Learn more here: https://migration.lib.uiowa.edu/exhibits/show/people/mariacanomartinez.

Maria Eugenia Escamilla-Góngora Rundquist 

Maria Rundquist

After graduating with a degree in business administration and accounting from a university in Merida, Mexico, Rundquist helped organize an exchange program between Mexican doctors and medical students from the University of Iowa. That’s how she met her husband, Rex Rundquist, MD of Sloan, Iowa. The Rundquists moved to Sioux City in 1991 and the next year Rundquist became a delegate to the Democratic National Convention. She stayed busy serving on the Iowa Commission on Latino Affairs from 1993 to 1995. In 1994, she began teaching Spanish and was elected to the Woodbury County Extension Council where she received an award for her leadership.

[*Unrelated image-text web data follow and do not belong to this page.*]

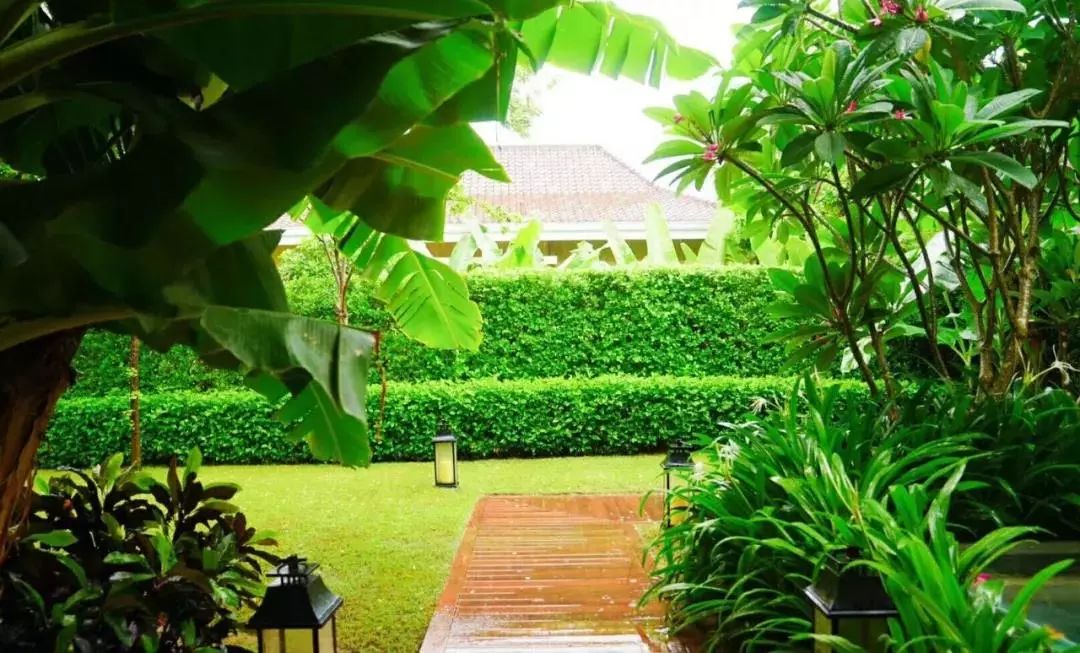 三亚豪华无边泳池别墅,三亚温泉度假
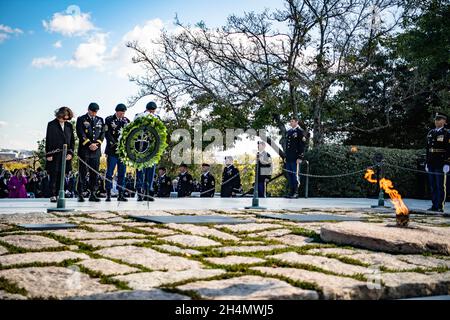 Arlington, Stati Uniti d'America. 03 novembre 2021. Kathleen Kennedy Townsend, generale dell'esercito Richard Angle, comando dell'esercito Sgt. Il Major Ted Munter, e l'ufficiale di garanzia del capo dell'esercito Scott Gronowski, con il primo comando aereo delle forze speciali, conosciuto come i beretti verdi, tengono una cerimonia di deposizione del wreath al cimitero nazionale del presidente John F. Kennedy ad Arlington 3 novembre 2021 ad Arlington, Virginia. La cerimonia commemora i contributi di Kennedy alle forze speciali dell'esercito degli Stati Uniti. Credit: Elizabeth Fraser/U.S. Army/Alamy Live News Foto Stock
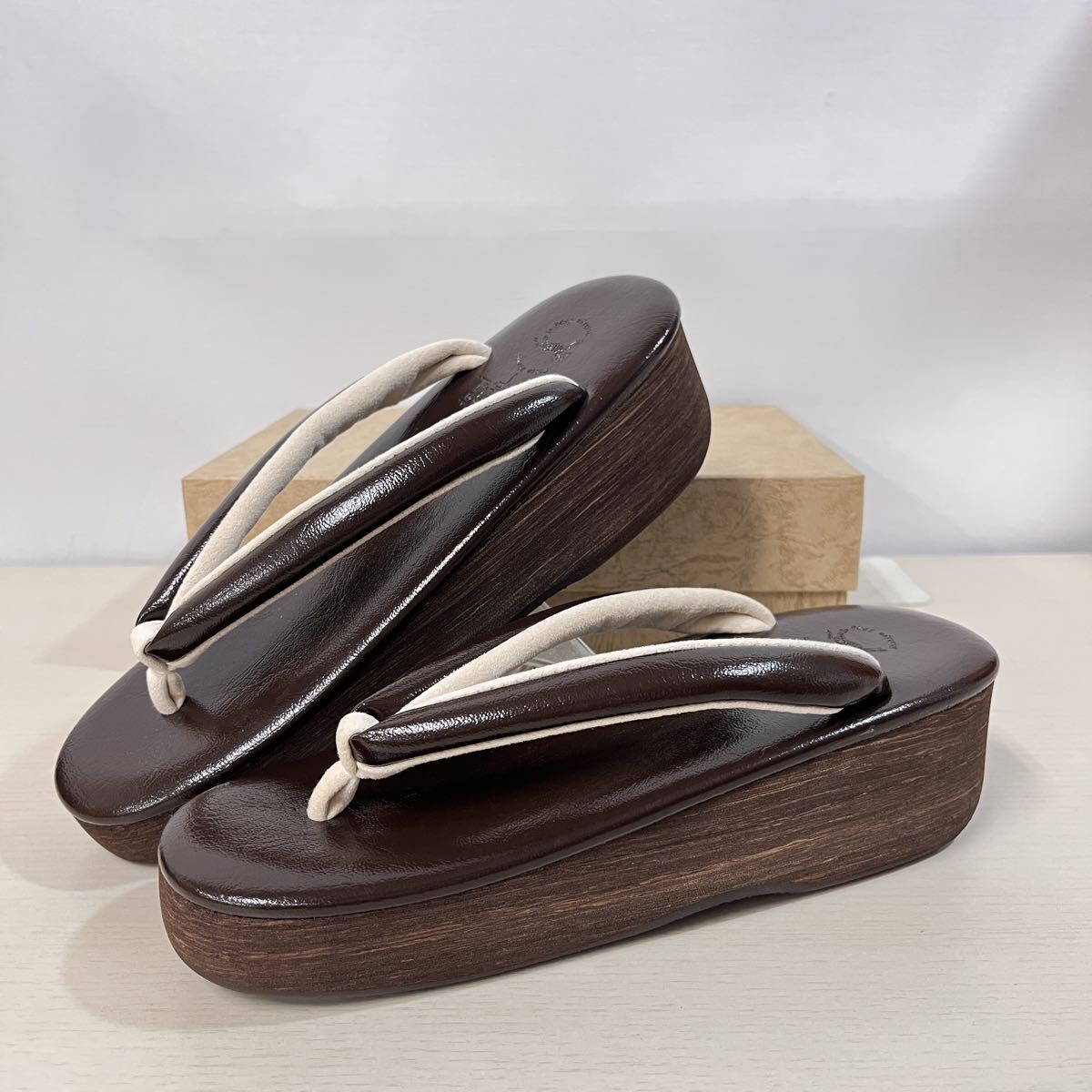 【未使用】菱屋 カレンブロッソ カフェ草履 日本製 サイズM ブラウン レディース 厚底 和装草履 和装小物 (09237H)拍卖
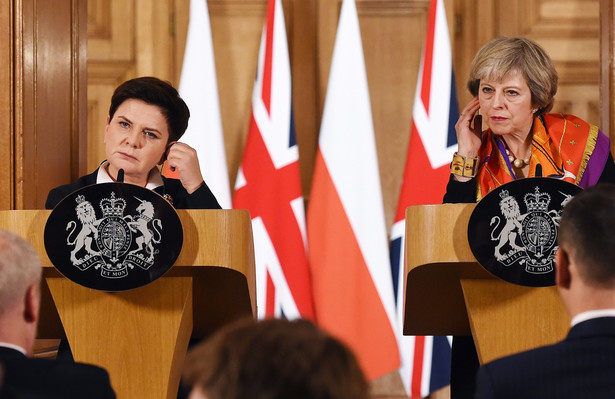 Premier Wielkiej Brytanii powiedziała też, że rozmowa z Szydło dotyczyła wzmocnienia wschodniej flanki NATO, "aby zapobiec tam agresji ze Wschodu".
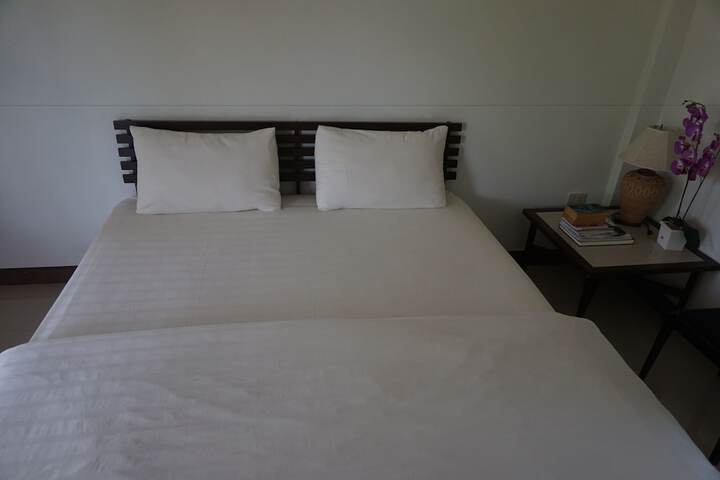 Room 4 of 31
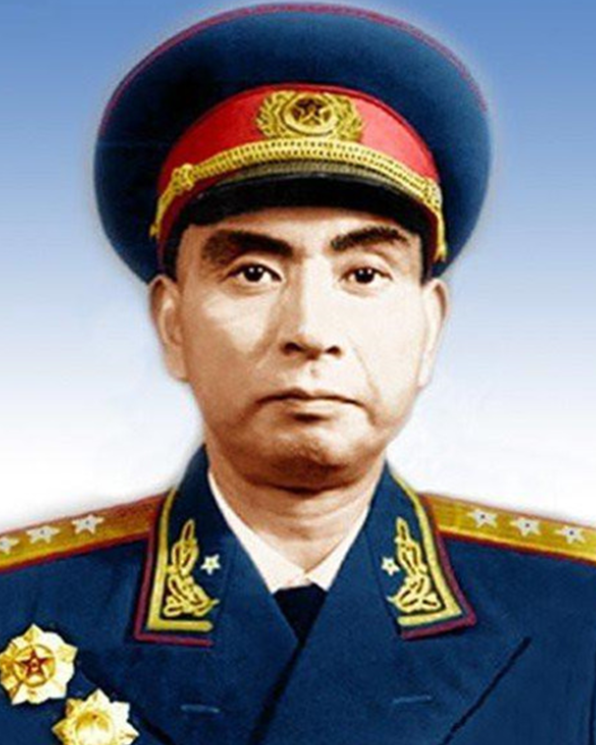 1949年11月，身为司令员的杨勇刚返回驻地，解散了手下的警卫员回到房中，马上就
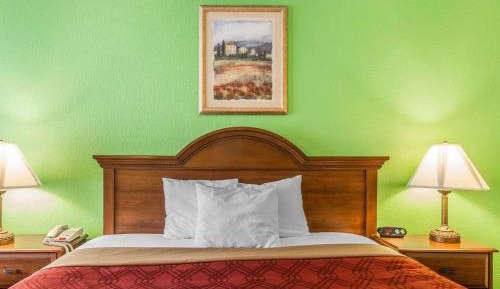 King Room - Disability Access/Non-Smoking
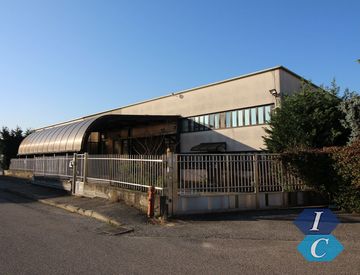 Facciata - Capannone in Vendita in Via Olona a Gallarate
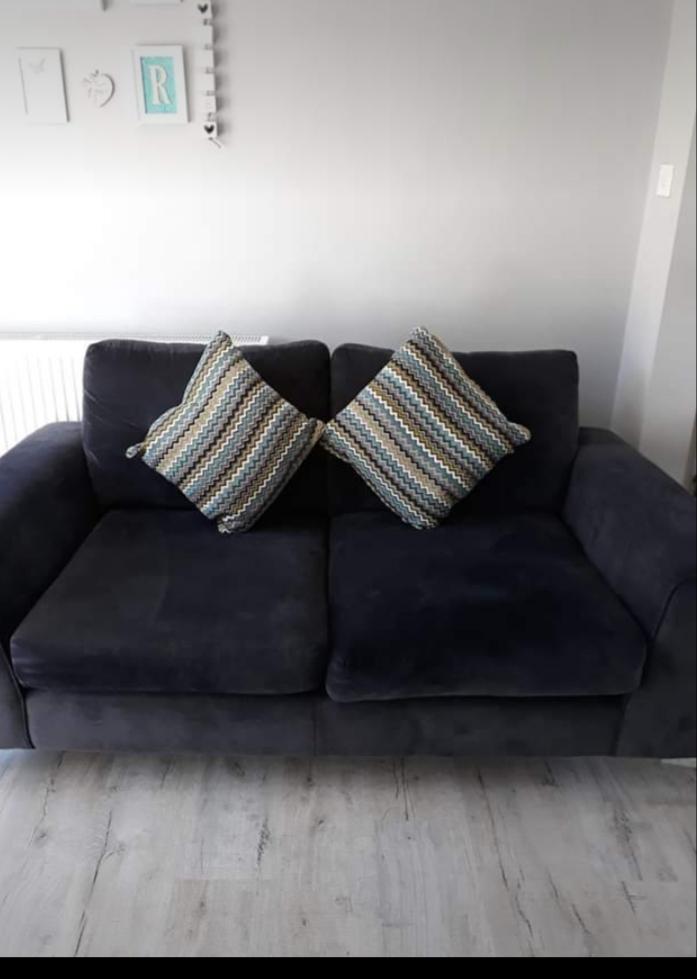 two seater sofa in Oldham für 100,00 £ zum Verkauf Shpock DE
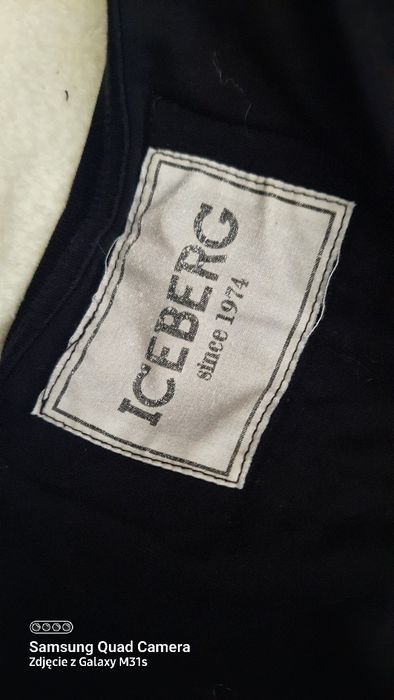 Koszulka firmy ICEBERG
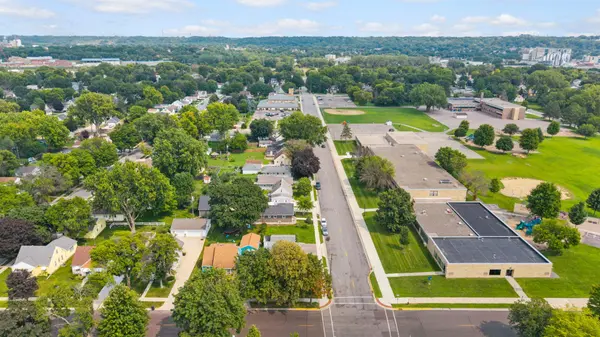 802 Center ST, North Mankato, MN 56003
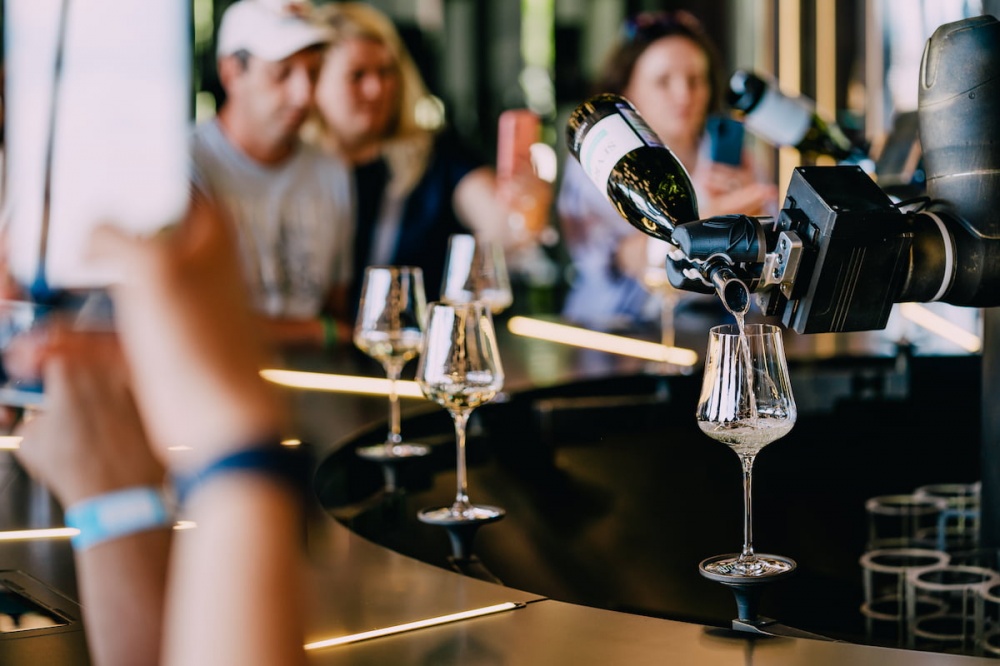 РОБОТ-СОМЕЛЬЕ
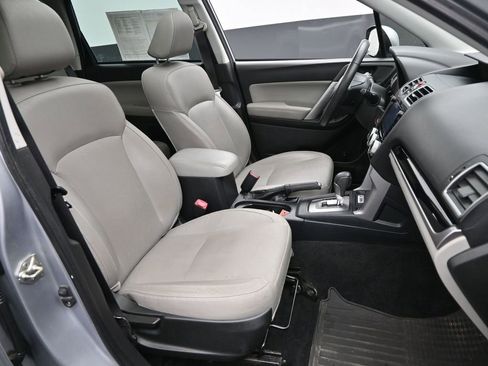 Used 2018 Subaru Forester 2.5i Limited image 7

That same year, while teaching and raising a family, she ran for city council and again in 1995. Her work was recognized with the Governor’s Volunteer Award in 1997 and a Friend of Iowa Civil Rights Award in 2002, and served on the Sioux City Human Rights Commission the next year.

She wrote a book about her advocacy and service titled Maria: Immigrant, Community Activist that was published in 2016. She still lives in Sioux City where she runs a bookkeeping business and teaches Spanish.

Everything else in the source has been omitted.